6. El encanto del Cine Lorca
En la Avenida Corrientes está un lugar que pertenece a otra época y se aferra, a su manera, al presente: el Cine Lorca.
Es fácil imaginar que en los espejos del salón, antes se reflejaban mujeres usando vestido y hombres de traje. Unos y otros entraban juntos o separados, quizá llevando un sobretodo, mientras sus risas y comentarios resonaban en la planta baja y en la planta alta del lugar. Venían a este sitio para acercarse a historias similares a las suyas, llenas de lujo o de placeres contados; historias de amores consumados o de corazones rotos; historias sobre el desarraigo o la pertenencia. Un sinfín de relatos que, tantos años después, siguen habitando en la boletería, las esquinas, los muebles, las escaleras y las butacas del Cine Lorca de Buenos Aires.

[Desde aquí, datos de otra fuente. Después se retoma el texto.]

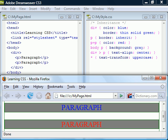Lastly, the universal selector will apply styling to all elements within the document.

Está en la Avenida Corrientes, entre Paraná y Uruguay. Antes de llegar, conviene perderse un ratito por esas calles. La zona está llena de edificios con cúpulas imponentes. Según la hora del día, el sol acentúa su belleza. Buenos Aires es todas las ciudades que caben en la imaginación. Basta tener un poco de curiosidad o dejarse llevar por alguna amistad hacia esos rincones que, en no pocos casos, suelen escapar de las guías turísticas. El Cine Lorca no encaja por completo en esa lógica, pero tampoco en la de las principales cadenas de pantalla grande. Más allá de compartir cartelera de estrenos, funciona a su manera.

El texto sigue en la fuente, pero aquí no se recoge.